Upcoming film by Sundar C

Mookuthi Amman 2 (Note: Full title: Mookuthi Amman 2 – Maha Sakthi.) is an upcoming Indian Tamil-language fantasy film co-written and directed by Sundar C. It is jointly produced by Vels Film International, Avni Cinemax, Rowdy Pictures and IVY Entertainment. A sequel to Mookuthi Amman (2020), the film stars Nayanthara reprising her role as the title character, with Duniya Vijay, Regena Cassandrra and Urvashi in supporting roles.
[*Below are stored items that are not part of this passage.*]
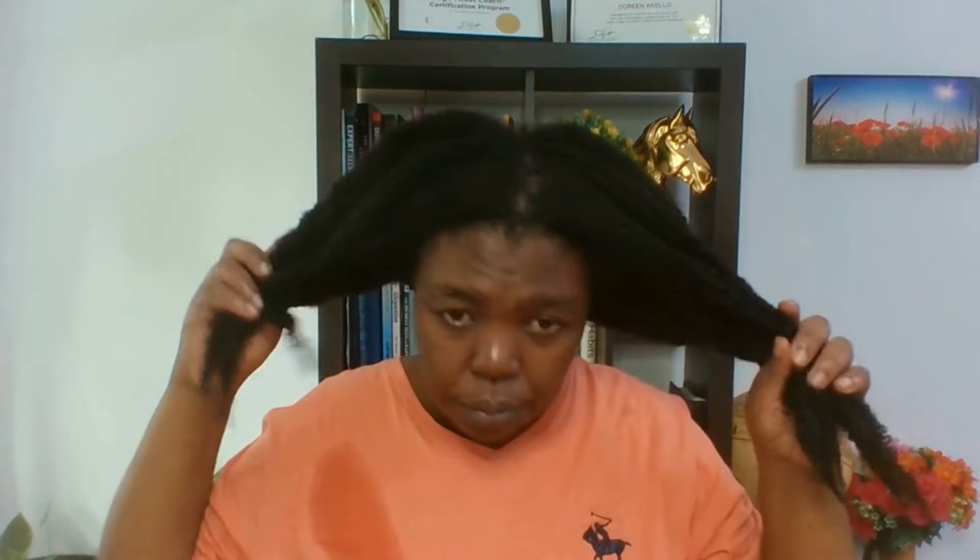Now I'm going to wash it. After washing, be careful with how you dry out the water from your hair — just squeeze the towel, just like I'm doing it. This is now my hair without any product.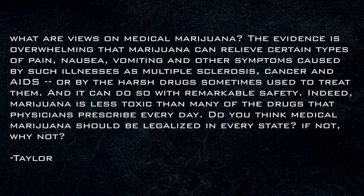Interesting question from Taylor: what are your views on medical marijuana? The evidence is overwhelming that marijuana can relieve certain types of pain, nausea, vomiting, and so on. Marijuana is less toxic than many of the drugs that physicians prescribe every day. Do you think medical marijuana should be legalized in every state? I know some of our members smoke, and I assume there's a possible chance that yes, you just want me to condone your activity.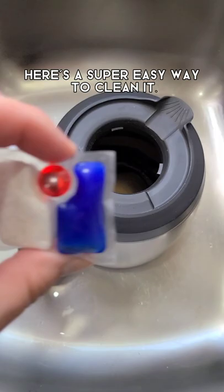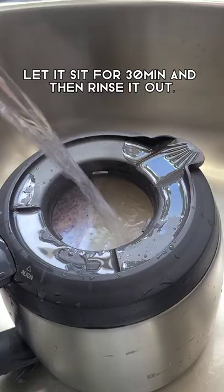Does your coffee pot look like this? Here's a super easy way to clean it. You're gonna take a dishwasher tab, put it into the carafe, and fill it with boiling water.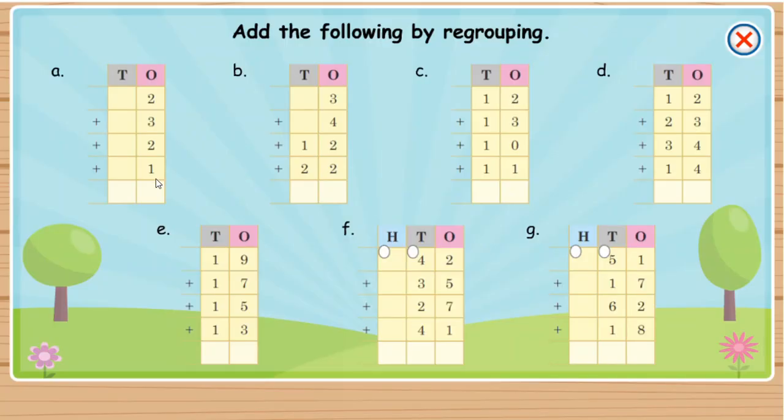Add the following by regrouping. Add in the same way.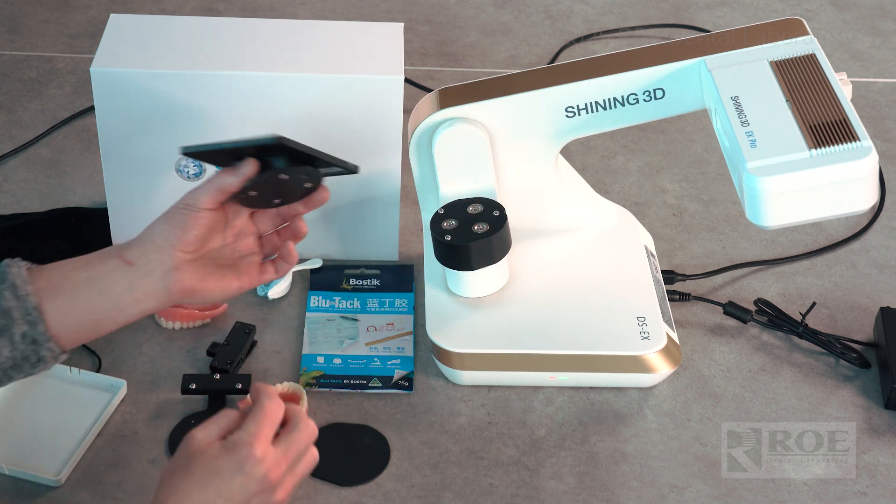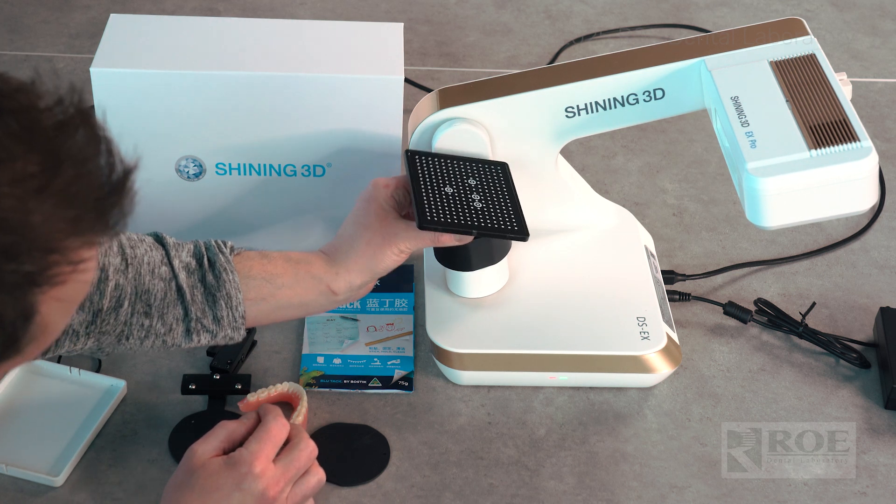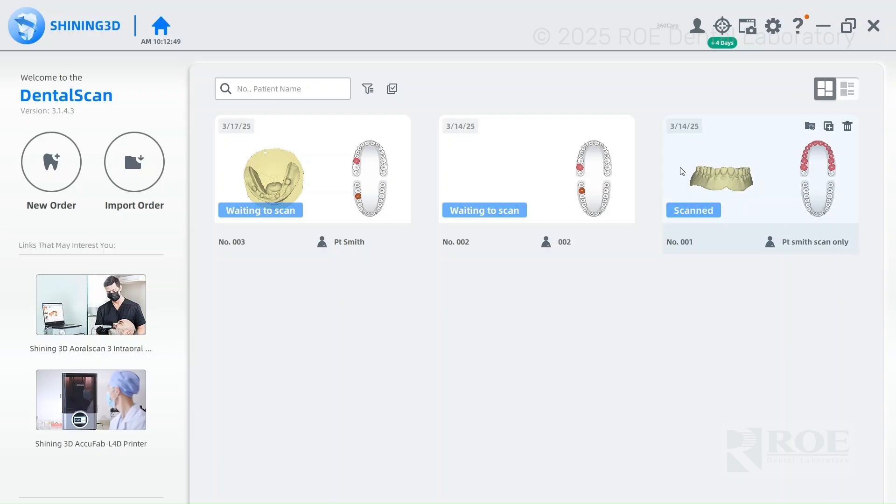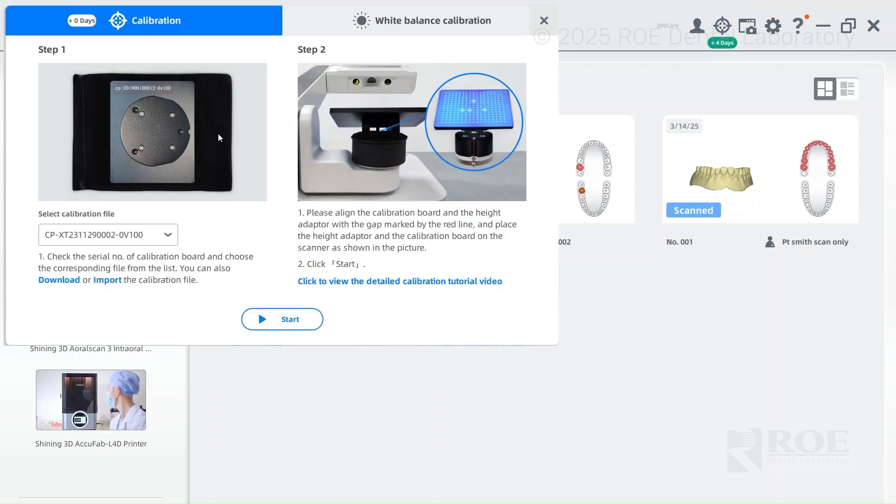This plate also has a little notch — you line it up like so. On your screen you'll see a little bullseye icon that says 'plus four days,' meaning it's been four days since the last calibration. Since we moved the scanner four days ago, we have to recalibrate. Left-click on that, and you'll see there are two different calibrations — the white balance calibration, which we'll do after.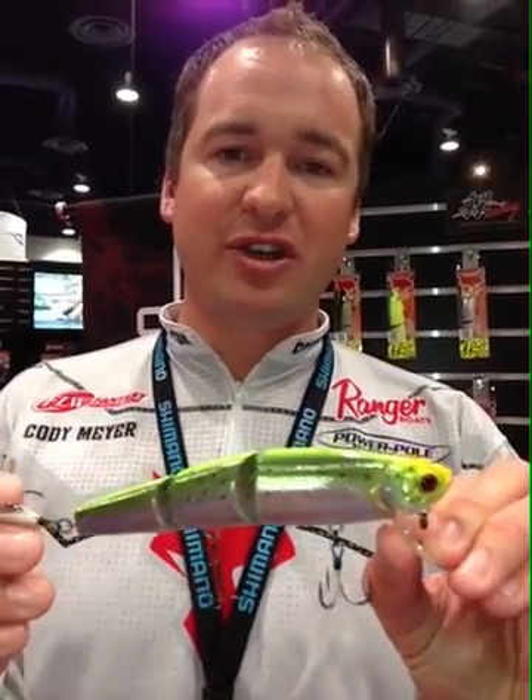Hey guys, Cody Meyer here at the 2013 iCast Show in Las Vegas in the Jackal booth. We've got some great new stuff to show you guys.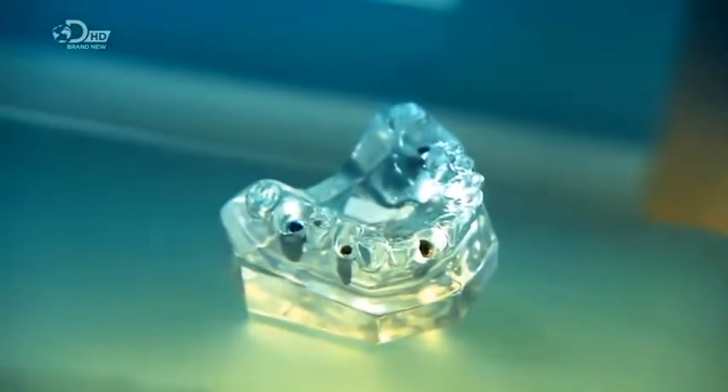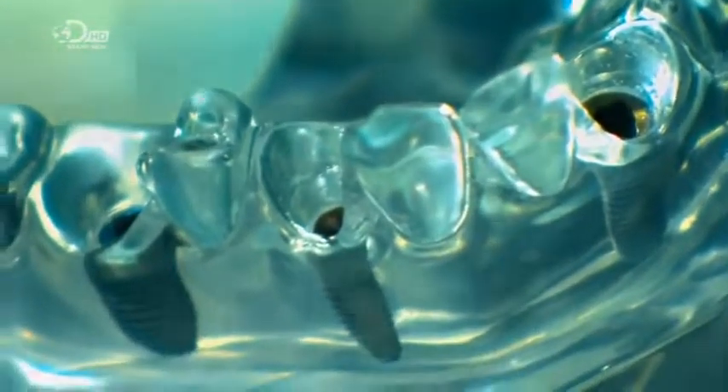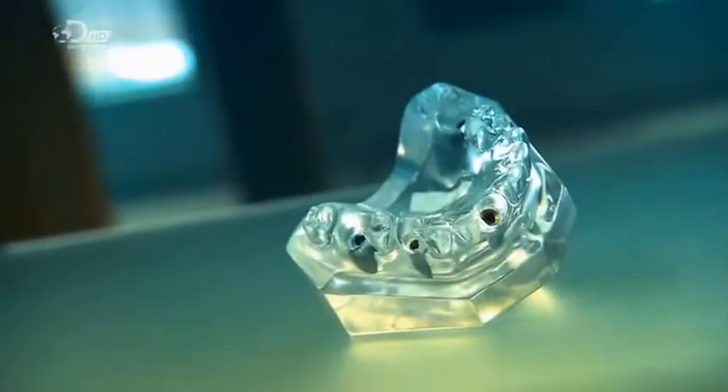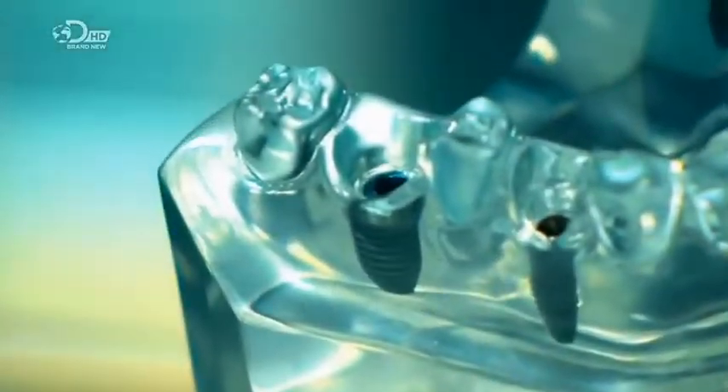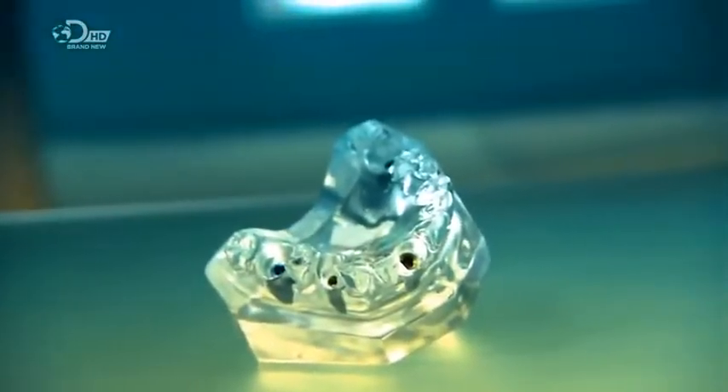The ancient Mayans hammered seashells into their jaws to replace missing teeth. That probably hurt. Those seashells were likely the first dental implants. Today, titanium tooth implants fill the gaps nicely — and of course, they're screwed in, not hammered.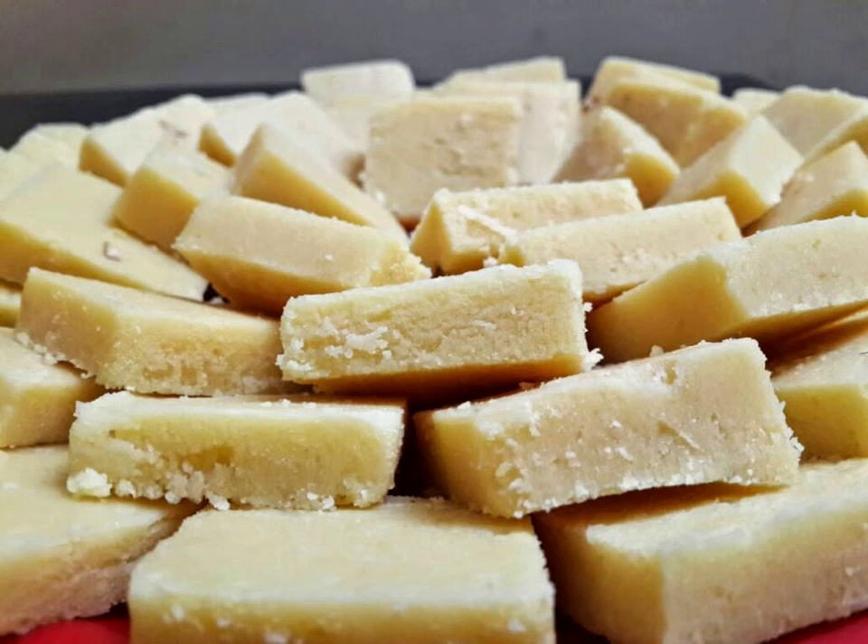Different types of barfi vary in their color and texture. The most popular spice used to flavor this dessert is cardamom. However, dependent on where it is prepared, many different flavorings are added to this simple but popular dessert.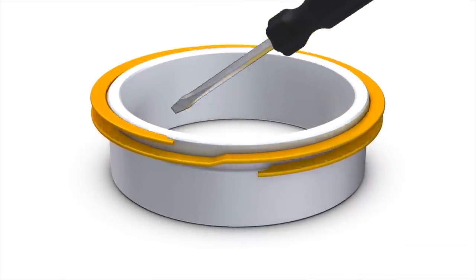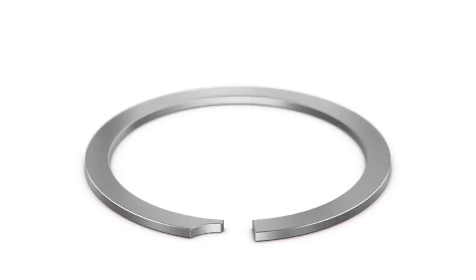They are economically produced in 302 and 316 stainless steel, and because they're coiled, there's no excess scrap produced. A constant section retaining ring is produced for high impact or heavy loading applications.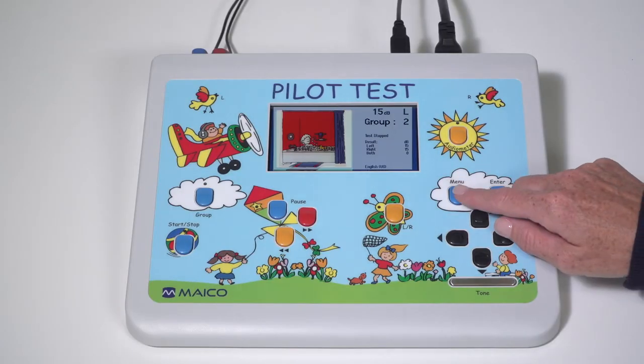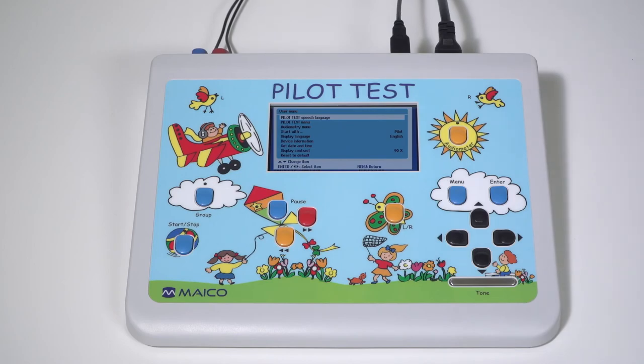To access the settings menu, press menu. Menu options are available individually for pure tone audiometry and select picture audiometry.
It is scheduled for release on 6 November 2026.

== Cast ==
The cast is listed below:

== Production ==
In May 2024, it was rumoured that actor-director RJ Balaji was planning for a sequel to his directorial debut film Mookuthi Amman (2020), with Trisha Krishnan replacing Nayanthara in the title role. Balaji was reported to have also approached Shruti Haasan for the lead role in the sequel, as Balaji was initially interested to cast her in the lead role for Mookuthi Amman before Nayanthara. To silence such speculations that either Trisha or Haasan would be replacing Nayanthara, Vels Film International, on 12 July 2024, confirmed Nayanthara would reprise her role in the sequel.

In 16 September 2024, it was officially announced that Sundar C would direct the sequel, titled Mookuthi Amman 2 which would be jointly produced by Vels Film International, Rowdy Pictures and Avni Cinemax. Balaji said he chose not to direct the sequel due to creative differences with the producers, and it was he who suggested Sundar as director. Produced on a large budget of ₹100 crore, the muhurat puja of the film took place on 6 March 2025, in Chennai. The entire filming wrapped that December.

== Release ==
The film is scheduled for release on 6 November 2026, during Diwali.